Budget : à l'Assemblée nationale, le Parti socialiste et La France insoumise se déchirent

Gettyimages
Alors que l'Assemblée examine le budget de la sécurité sociale, plusieurs amendements ont divisé la gauche. Cette fracture devrait s'élargir un peu plus lors du vote, mercredi prochain, sur la suspension de la réforme des retraites.
À voir également sur Brut

Des rapports électriques dans l'Assemblée et à couteaux tirés sur les réseaux sociaux : la fracture entre le Parti socialiste et les Insoumis s'est accentuée au fil des débats budgétaires, comme devrait le montrer de manière spectaculaire le prochain vote sur la suspension de la réforme des retraites.

Samedi déjà, sur la partie "recettes" du budget de la Sécurité sociale, les gauches se sont divisées, le PS votant pour, et les Insoumis votant contre.

Le RN et LFI "ont fait le jeu du pire", a dénoncé le patron des socialistes, Olivier Faure. Le leader Insoumis Jean-Luc Mélenchon accusant, en retour, le PS d'avoir trahi la promesse faite aux électeurs du Nouveau Front populaire, leur alliance de 2024.

Suspension de la réforme des retraites

Le débat sur la suspension de la réforme des retraites aura lieu mercredi peu après 15h00, avec un vote prévu juste avant celui sur l'ensemble de ce budget, pour permettre au maximum de députés d'être présents.

Les socialistes, qui ont arraché de haute lutte cette mesure, une condition sine qua non de la non-censure du gouvernement de Sébastien Lecornu, voteront logiquement pour.

Les Insoumis ont eux annoncé qu'ils voteraient contre, comme en commission. "Valider le décalage de la réforme reviendrait à valider (...) le report à 64 ans de l'âge légal de la retraite", a affirmé la députée Ségolène Amiot.

Une ligne de partage qui divise aussi les syndicats, la CFDT ayant salué une "vraie victoire", quand la CGT fustige un "simple décalage" payé par les "retraités actuels et futurs".

Les communistes devraient eux majoritairement s'abstenir, position qui avait été celle des écologistes en commission.

"Vladimir Ilitch Brun"

Ce n'est loin s'en faut pas le seul sujet sur lesquels s'affrontent socialistes et Insoumis, multipliant les invectives dans l'hémicycle et les accusations de "mensonge" sur X.

Au début des débats sur le projet de loi de finances, LFI a vivement reproché au PS son abstention sur un amendement visant à créer un impôt universel ciblé, empêchant son adoption à une voix près.
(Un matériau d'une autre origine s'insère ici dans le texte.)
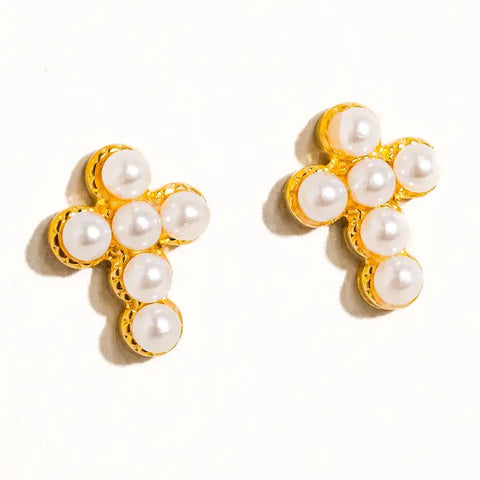 Telo 18K Non-Tarnish Pearl Cross Stud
Les débats se sont encore tendus lorsque les mélenchonistes ont voté pour un amendement de la droite - identique à l'un des leurs - indexant sur l'inflation l'ensemble des tranches du barème de l'impôt sur le revenu. Le PS proposait, lui, de valoriser seulement les tranches les plus basses.
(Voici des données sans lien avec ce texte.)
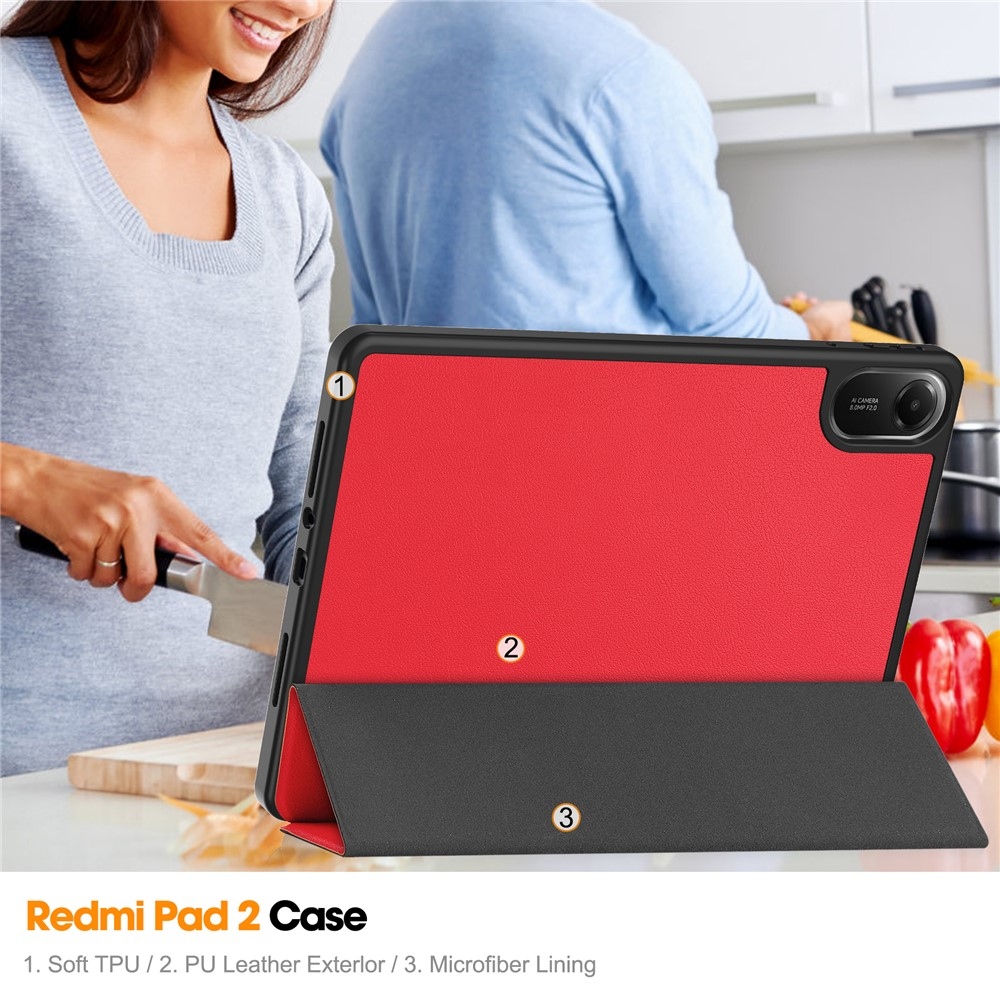 Cases chytré zavírací pouzdro na Xiaomi Redmi Pad 2 - červené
Tension à son comble le 31 octobre, lors de l'adoption de la proposition de Jean-Paul Mattei (MoDem) remaniant l'Impôt sur la fortune immobilière, avec le soutien du PS et du RN, LFI ne se privant pas de dénoncer une alliance contre-nature.

Cette semaine, c'est durant l'examen du budget de la Sécurité sociale que les esprits se sont échauffés, lors du rejet d'un amendement de Jérôme Guedj (PS) augmentant la CSG sur les revenus du capital. Des amendements proches, déposés par LFI, le PS et les communistes, ont finalement été adoptés.
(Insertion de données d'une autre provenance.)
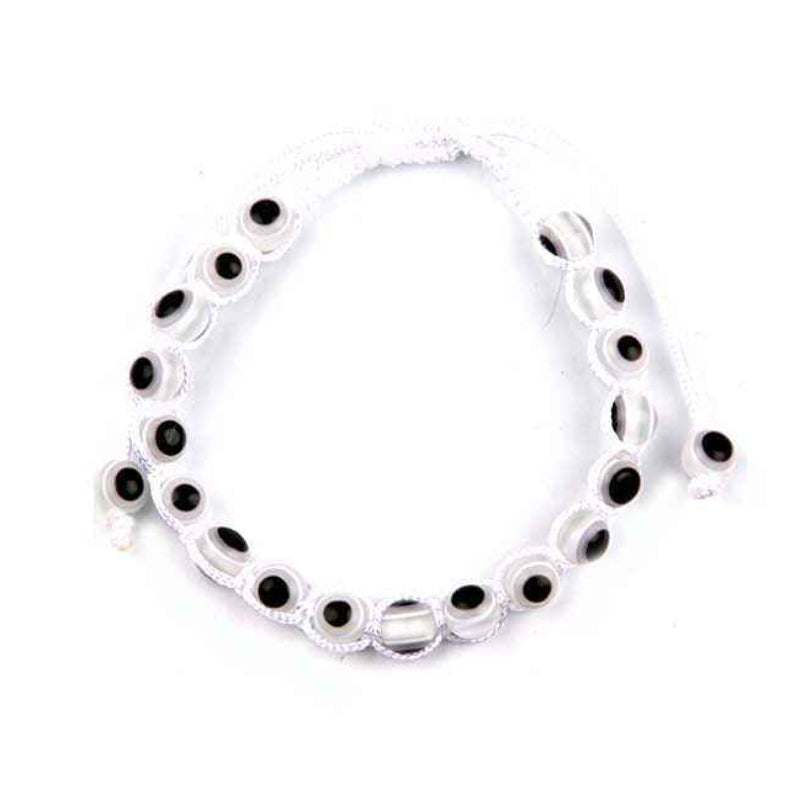 White Evil Eye Protection Bracelet Set (12-Pack) - Adjustable String Amulet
Le député Philippe Brun a vu rouge. "Jean-Luc Mélenchon ne défend plus les travailleurs, il défend le grand capital !", a-t-il accusé dans une interview au Point vendredi. "Vladimir Ilitch Brun, le guide suprême de la révolution prolétarienne", a ironisé sur X le coordinateur de LFI Manuel Bompard, en référence à Lénine.

"Bataille d'hégémonie"

Il y a un an, les quatre forces du NFP se félicitaient d'avoir bâti un "budget NFP-compatible" - finalement rejeté par l'Assemblée. Ce temps paraît désormais bien loin. Entre le PS et les Insoumis, les communistes et les écologistes s'efforcent d'éteindre les incendies.

Emmanuel Maurel (groupe GDR) et Sandrine Rousseau (groupe écologiste et social) notent qu'au-delà des poussées de fièvre, les votes de la gauche sont très souvent identiques. "Il y a un socle de valeurs communes très fortes", dit cette dernière.

Parlant à tous, le patron des députés GDR (communistes et ultra-marins), Stéphane Peu, "déplore les excès de langage d’un côté comme de l’autre".

S'il reconnait que la "stratégie" des socialistes est parfois "difficilement compréhensible" et que les "excès" des Insoumis "peuvent exaspérer", il estime toutefois que les positions des uns et des autres "n'invalident pas l'unité nécessaire" face à la poussée de l'extrême droite.

Sandrine Rousseau se montre moins optimiste : "on est dans une bataille de ligne et d'hégémonie", qui ne pourra être tranchée que par "les élections", estime-t-elle.